A good press release will also include a quote from a person relevant to whatever is being discussed. This can either be a senior company officer, a subject matter expert, a public figure, or someone closely involved or related to the matter at hand. 

Press release template boilerplate

In public relations terminology, a boilerplate is a brief description of your organisation that is provided at the end of a press release. Boilerplates are included so that readers who don’t know your company can understand what your company is and why the press release is so significant. 

Putting it all together

Now that you have the basic skeleton of a press release, you’ll be able to adapt it for any kind of official communication. 

What makes a good press release?

There are hundreds-thousands-of press releases that are technically correct, but lacking otherwise. These are press releases that talk but don’t speak. They give information, but don’t give value. 

So what makes a press release “good?” How can it draw the attention of journalists and readers alike without resorting to cheap tricks?

Significant and specific

The first and most important thing you can do to increase your press release’s chance of success is to choose a significant topic—one that’s relevant to a specific audience.

Many companies make the mistake of assuming journalists and their audiences have the same set of priorities that you do. For example, you might have expanded your team or hired new leadership, but not every publication is going to find that interesting enough to report on. 

Your chosen topic should also be targeted to a specific audience. A new line of manufacturing products is significant, but only for trade magazines in the same industry. You wouldn’t send that to a lifestyle magazine for publication. 

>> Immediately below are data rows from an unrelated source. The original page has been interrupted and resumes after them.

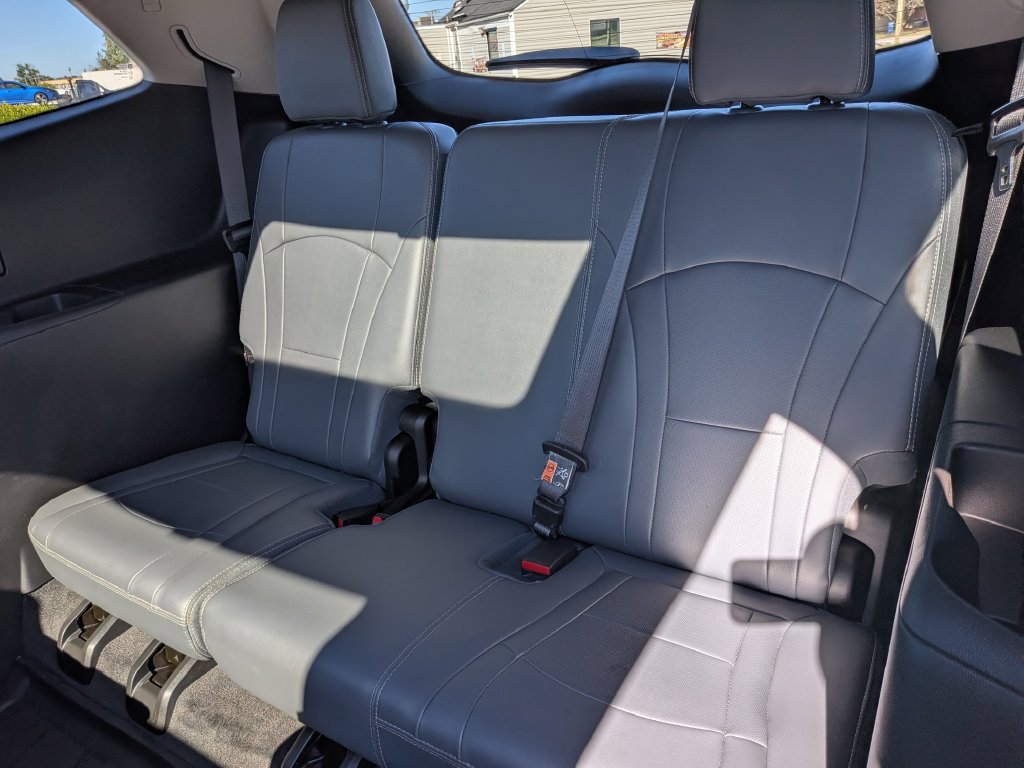 Used 2020 Buick Enclave Essence FWD image 22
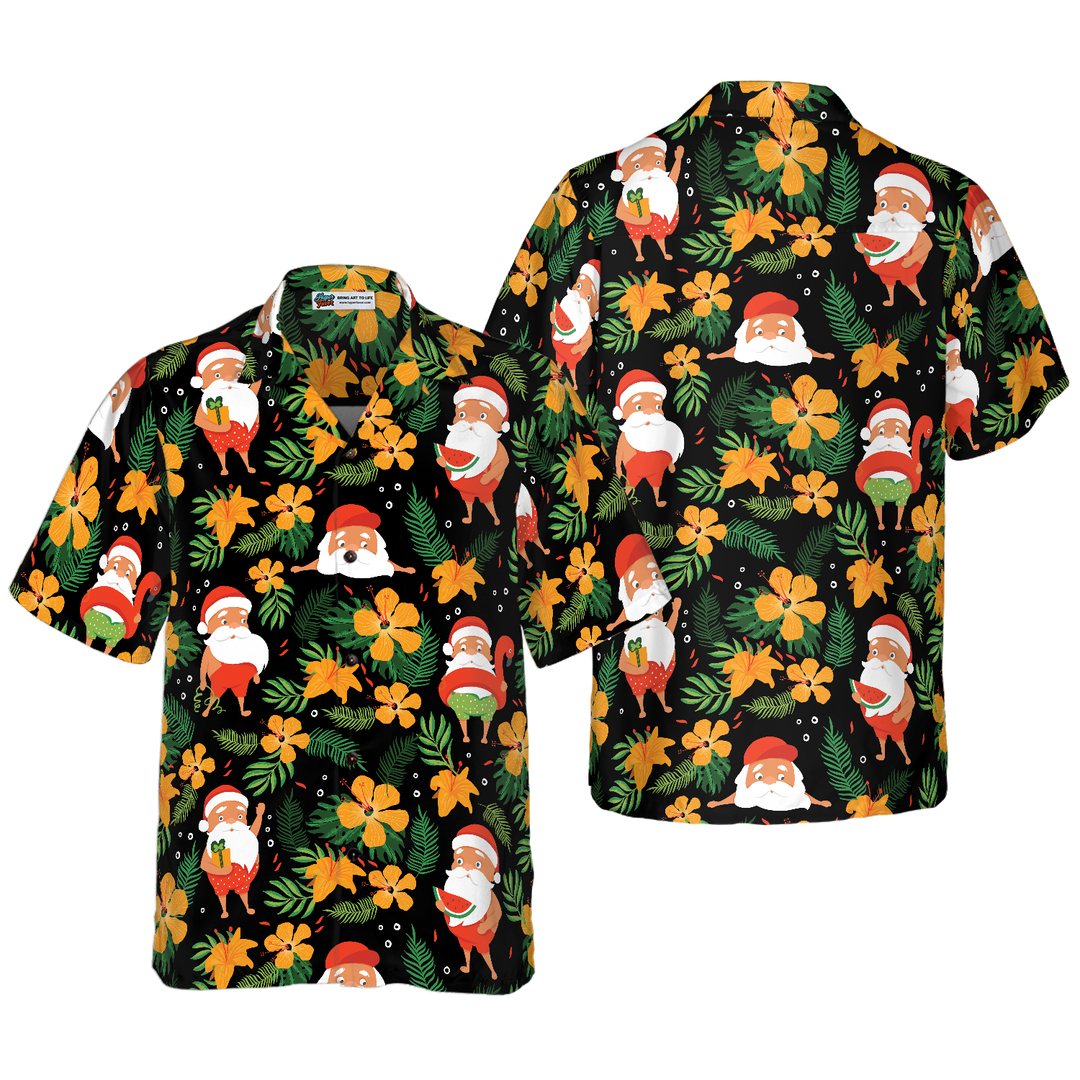 Lune London | Christmas Hawaiian shirts Hyperfavor, Santa shirt with floating tropical pattern short sleeves, Christmas shirt gift idea for men and women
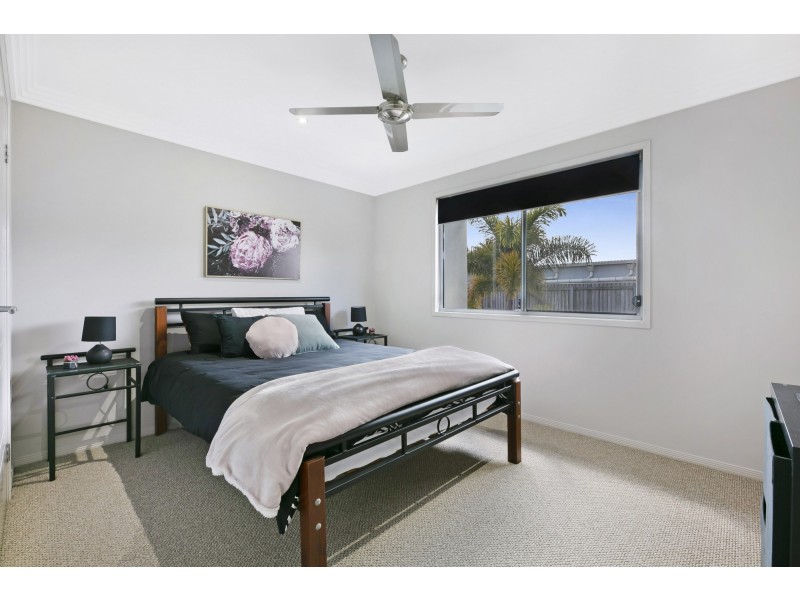 2/14 Heights Drive, Robina QLD 4226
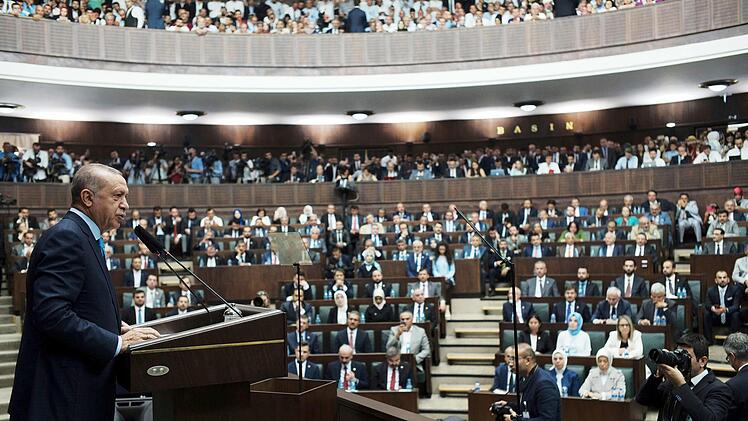 Vergewaltiger könnten in der Türkei bald straffrei davonkommen. Das sieht ein Gesetzentwurf der AKP vor.  Foto: Burhan Ozbilici/AP/dpa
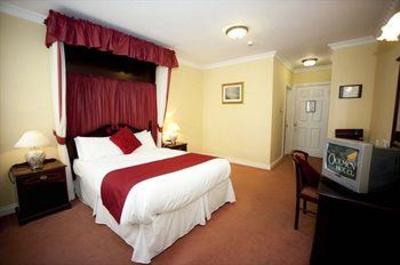 фото отеля Dolmen & River Court Lodges Carlow
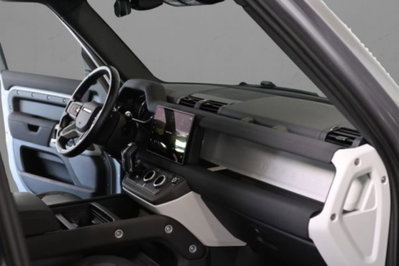 Land Rover Defender 110 3.0D I6 300 CV AWD Auto X-Dynamic SE (6)
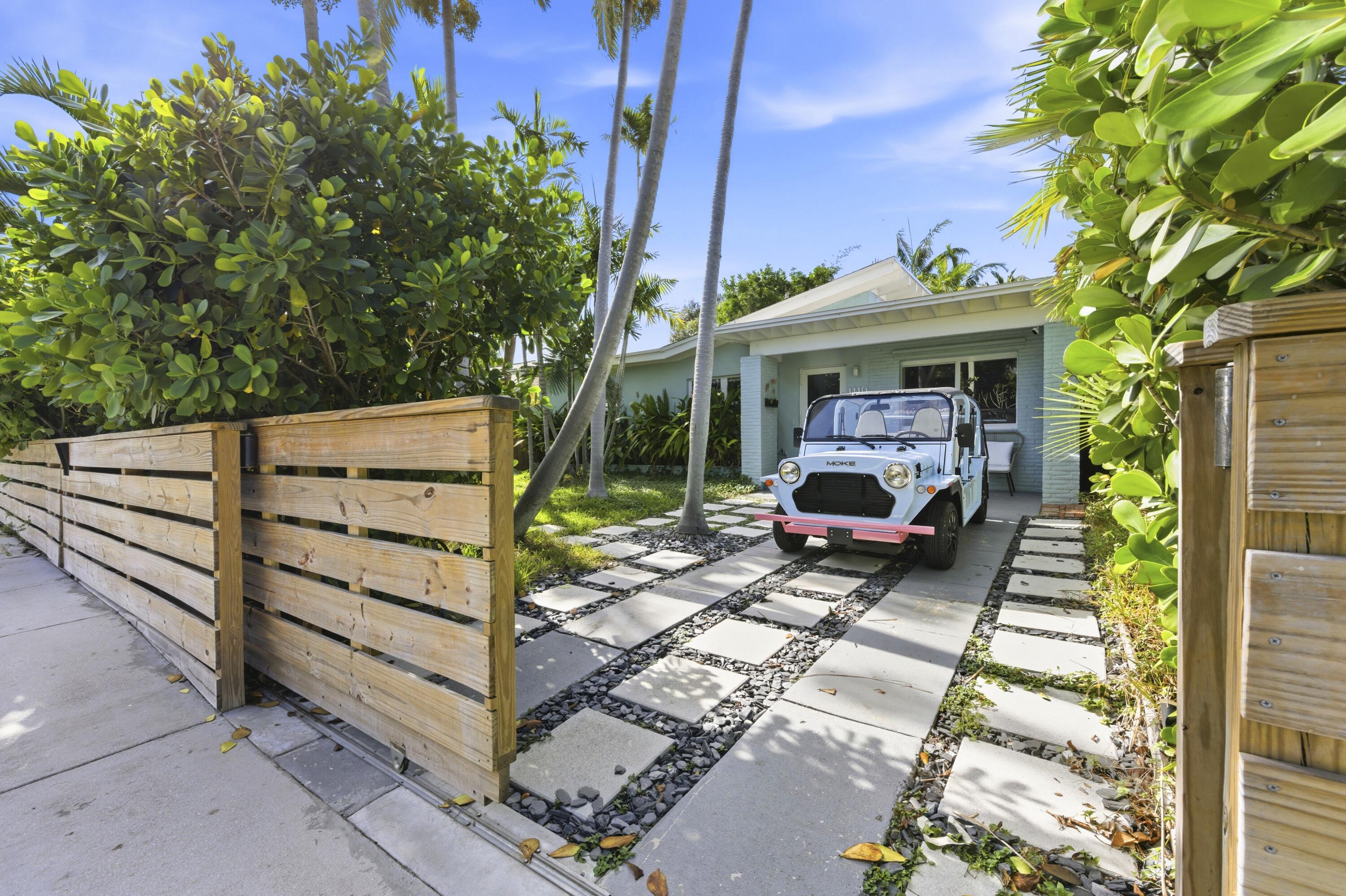 1119 North M Street Lake Worth Beach, FL 33460 - Photo 4 of 26 a view of an outdoor sitting area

Match the topic with your ideal audience and your job is halfway done.

Quotable quotes

As I mentioned earlier, journalists often use a press release as a basis for their own article. The copy you include might not make it into the final release untouched, but the quote definitely will. That’s why it’s important to include quotes in your own press release. It encourages journalists to carry it over to flesh out their own piece. 

Press release quotes

What makes a good quote?

First off, the quote has to be from somebody significant, like a high-ranking officer of the company or a recognized subject matter expert. This increases the authority of the information being provided.

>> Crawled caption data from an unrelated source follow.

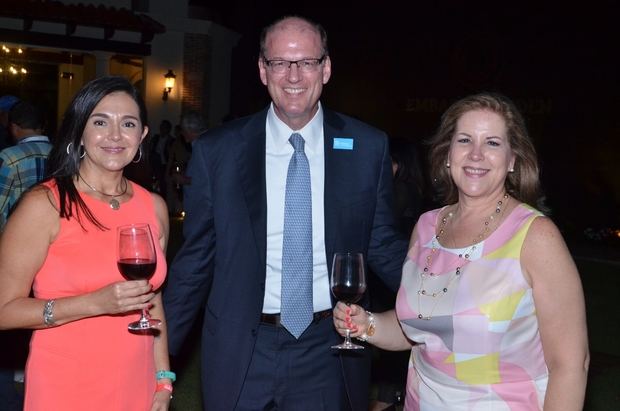 María Teresa Morales, Jonathan Reckford y Mónica Ramírez.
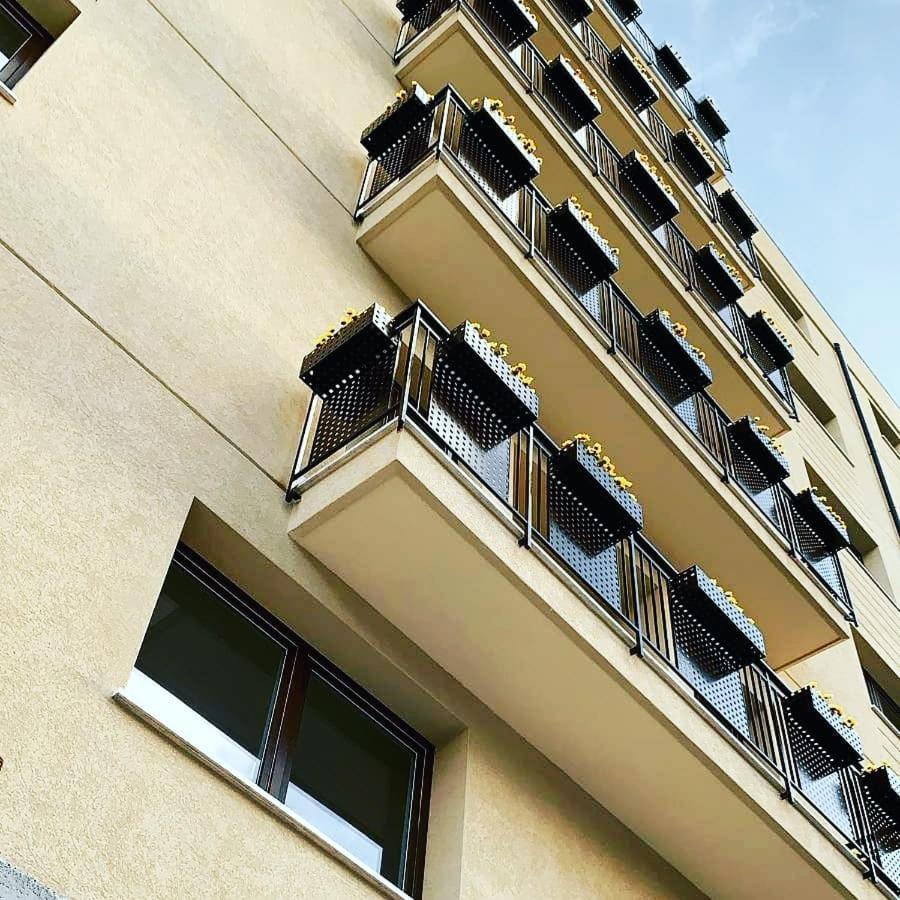 Simply The Best - Apartment And Parking Space By Balsamotto Palermo Bagian luar foto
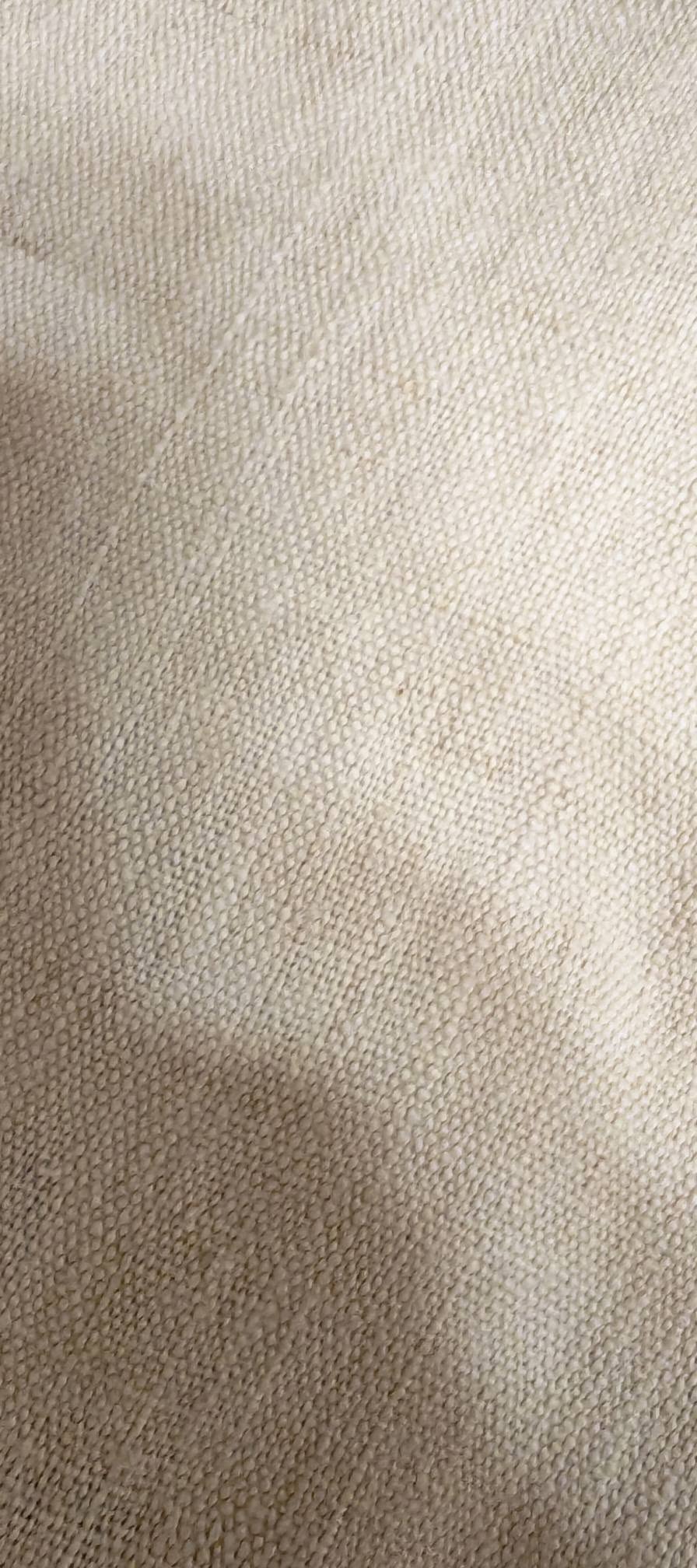 Authentic traditional Hungarian textile from the Bereg region, dating from the 1950s. This piece is entirely handmade.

Second, the quote has to be free of jargon or unnecessary technical terms. The more understandable the quote is to the intended audience, the better. It’s ok to use more technical terminology if the press release is an industry publication where everyone speaks the same language.

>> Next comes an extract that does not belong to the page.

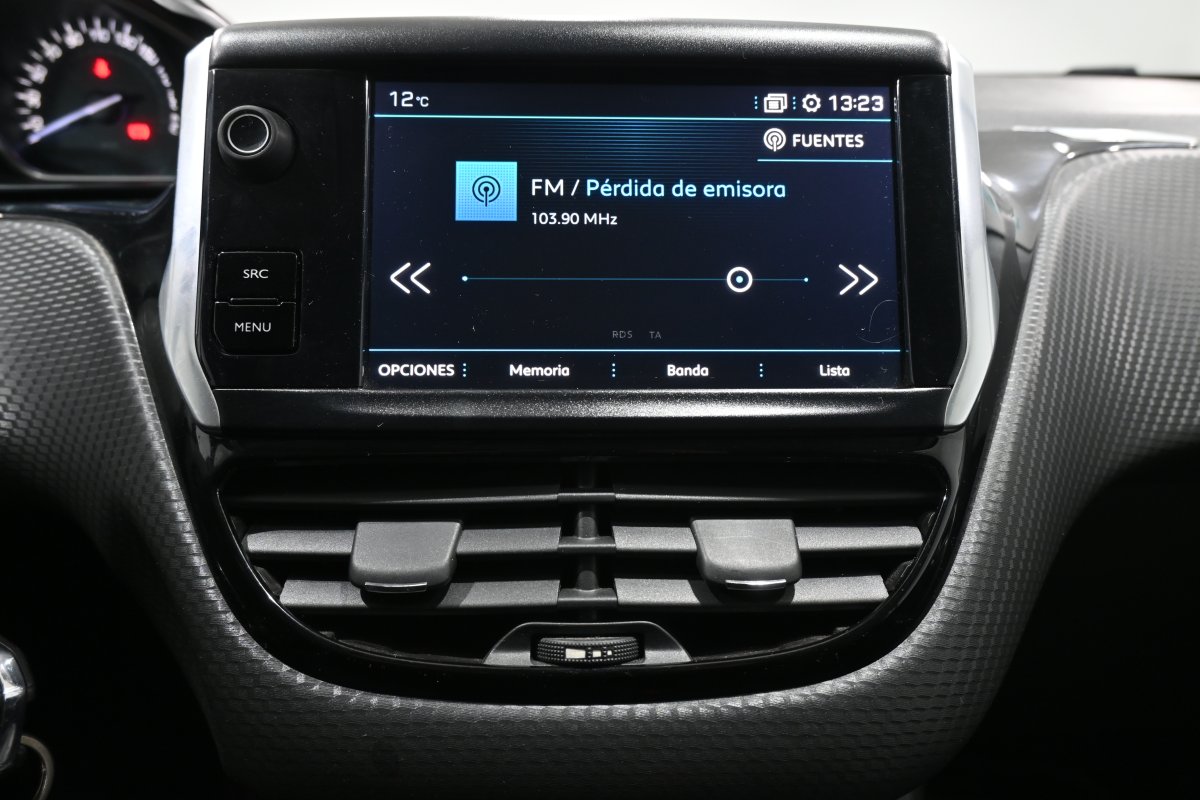 Foto Peugeot 2008 15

Include facts and hard numbers

Journalists are fact-checkers. It’s part of their job. If you’re going to make a statement or claim, be sure you include the facts and statistics to back them up.

What to include in a press release

For instance, you might claim that the company had “a great year.” But what constitutes “great” in this instance? How much money did you make this year? Is it great in comparison to last year? What were last year’s numbers?

The more evidence you include, the greater the chance journalists will include them in the final version. These will be shared publicly so make certain the numbers are accurate. 

Organize your article in a reverse pyramid

Newspapers and magazines are always trying to save on layout space, so journalists often trim press releases before they publish them. When they trim, they cut from the bottom up. 

Prevent important parts from getting trimmed by writing your article in a “reverse pyramid” fashion. This means all of the most important information stays at the top in the first paragraph, with more information being dribbled out to the second and third paragraphs in descending order of priority. 

Bringing it all together

Reusable templates can save you a lot of time and effort, especially if you communicate with the press on a regular basis. 

By following the proper format and sticking to best practices when writing, you’ll be able to regularly generate newsworthy pieces that have a better chance of getting picked up by news media.